25 EU states sign up for EU fiscal pact

25 of the EU's 27 member states have agreed to join a fiscal treaty to enforce budget discipline. The UK and Czech Republic refuse agreement.

France's President Nicolas Sarkozy, Germany's Chancellor Angela Merkel and Italy's Prime Minister Mario Monti chat before the meeting at the European Council in Brussels.
France's President Nicolas Sarkozy, Germany's Chancellor Angela Merkel and Italy's Prime Minister Mario Monti chat before the meeting at the European Council in Brussels.

All EU nations except Britain and the Czech Republic agreed at a summit last night to join a fiscal pact aimed at preventing future debt crises.

Malta was among the 25 countries that agreed on the new fiscal pact.

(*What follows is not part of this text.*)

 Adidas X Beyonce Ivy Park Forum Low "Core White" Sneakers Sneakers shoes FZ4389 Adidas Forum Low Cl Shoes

EU president Herman Van Rompuy said: "25 member states join and will sign the fiscal compact."

The new pact, will require European governments to introduce laws on balanced budgets and impose near automatic sanctions on countries that violate deficit rules.

Germany - the eurozone's biggest lender and most powerful economy - was particularly keen to get a binding treaty adopted to enforce budget rules.

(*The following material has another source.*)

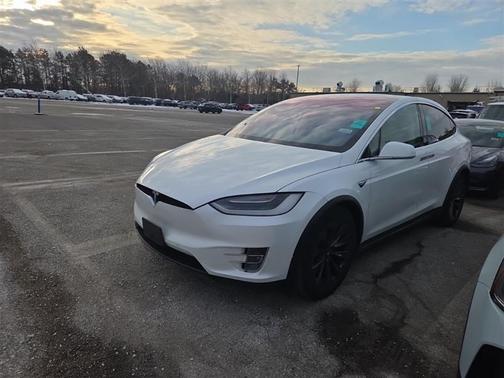 2018 Tesla Model X 100D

The goal is much closer co-ordination of budget policy across the EU to prevent excessive debts accumulating.

The treaty will empower the European Court of Justice to monitor compliance and impose fines on rule-breakers.

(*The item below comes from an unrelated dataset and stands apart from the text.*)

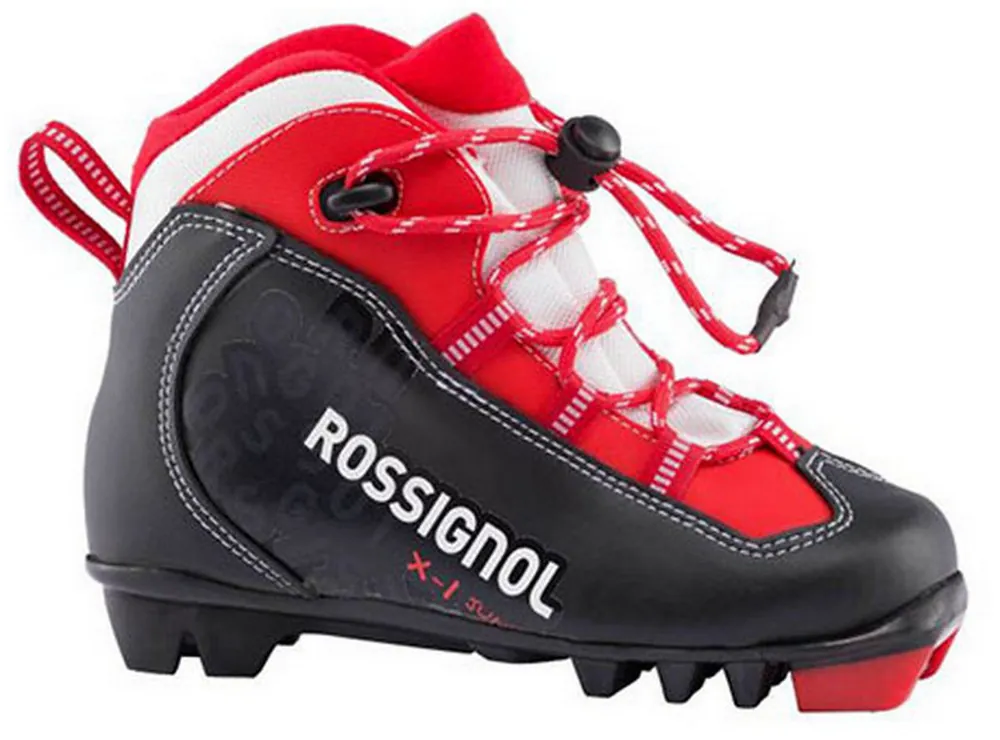 Rossignol X-1 JR red Levný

The treaty also spells out the enhanced role of the European Commission in scrutinising national budgets.

European Union leaders also discussed ways to stimulate economic growth despite the stringent austerity budgets in many countries - and focused on how to reduce unemployment across the eurozone.

UK Prime Minister David Cameron said his government would act if the treaty threatened UK interests.

He still has "legal concerns" about the use of EU institutions in enforcing the fiscal treaty, he said.

The Czechs cited "constitutional reasons" for their refusal, France's President Nicolas Sarkozy said.